I don’t know about you all, but I am loving this mild, non-snowy winter we are having! This weekend I not only took a few walks with the dogs, but was able to run 5 miles on the road with just regular running clothes on… No hat, mittens, or long underwear required in warmer temps! Woohoo! This time last year I would not have even thought about running on the road with the huge snowbanks we had. Thankful for no snowbanks yet this year
And thankful that I signed up for a winter CSA with Brookford Farm this year and I’m still able to eat fresh, local, organic produce in January. Last week when I got a huge butternut squash in my share, I thought to myself, “I need to make this an ingredient of the week!” This is the fourth time I’ve received a butternut squash from Brookford since I started my CSA back in September. I’ve received multiple other kinds of squashes, usually one or two a week, and all have been wonderful; however, the butternut has been my absolute favorite. Sweet, juicy, bright orange, simply delicious. They are so sweet they taste like candy to me. The best butternut squash I’ve ever had, by far. They are so juicy that when I start peeling them, their juices instantly begin to roll down their sides. (I wish I could capture this in a picture but my camera is not great.) AMAZING. Have you ever had a squash do that before?!
I could go on and on about how wonderful Brookford’s butternut squash are, but I will probably lose some of you, so I’ll just continue on with the health benefits:
- Contains high levels of antioxidant vitamins C and E, as well as iron, calcium, potassium, fiber, and magnesium. Also contains a good amount of folate, which helps brain and spinal cord development in fetuses. (see Whole Living: Butternut Squash)
- Contains carotenes such as beta-carotene (vitamin A) and beta-cryptoxanthin, which helps protect your body from lung cancer, and other carotenes that help reduce the risk of colon cancer. Carotene also helps in lung development in fetuses (again, see Whole Living: Butternut Squash)
- Contains anti-inflammatory properties, which help reduce asthma and arthritis problems.
Some tips about butternut squash:
- It can be stored for up to 6 months is a cool, dark, dry place, such as a root cellar or basement. Doesn’t need to be kept in the refrigerator.
- Make sure to use all parts of the butternut squash (or any squash) and don’t throw away the seeds. They are good for you too! To cook the seeds: preheat oven to 350 degrees. Wash and dry the seeds. Lay flat on a cookie sheet. Sprinkle extra virgin olive oil over the seeds, along with a little sea salt and pepper. Cook for 25-30 minutes, or until the seeds start to brown and pop. DELICIOUS.

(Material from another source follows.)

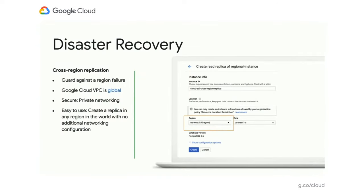Cloud SQL has introduced cross-region replication to help guard against regional failure. It allows you to have a near real-time copy via a replica in one or more regions outside your primary region. We rely on Google's network and Cloud VPC — virtual networks — so you have a very private way to connect between your primary instance and its replicas in other regions. Because Google's VPCs are global, there's very minimal network configuration required — all you're doing is selecting a region other than your primary when creating a replica.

- Can be used as a substitute for pumpkin in pies, breads, soups, etc. as it is a close relative to the pumpkin, and is often sweeter and better for baking.
Some recipes and cooking tips:
- A simple and delicious recipe when using butternut squash as a side dish: preheat oven to 350 degrees. Peel and cube one squash (see picture below for approximate size). Toss squash cubes in a bowl with a tablespoon of extra virgin olive oil, 1/2 tsp. of sea salt, 1/2 tsp. of pepper, 1-2 tsp. of cinnamon (depending on how much of a cinnamon flavor you like). Once evenly coated, spread on a cookie sheet and cook for approximately 30-35 min. or until tender. I always make this dish for holiday meals and it gets gobbled up quickly!

- On my RECIpage you can find my recipes for Butternut Squash Pizza and Butternut Squash Mac ‘N Cheese. Both are SO GOOD and man approved!
Nom Nom Nom…
- On of my favorite recipes that I made this fall is Daily Garnish: Butternut Squash and Black Bean Enchiladas . Al and I love this recipe – it’s hearty and delicious!
Have you added a butternut squash to this week’s shopping list yet?!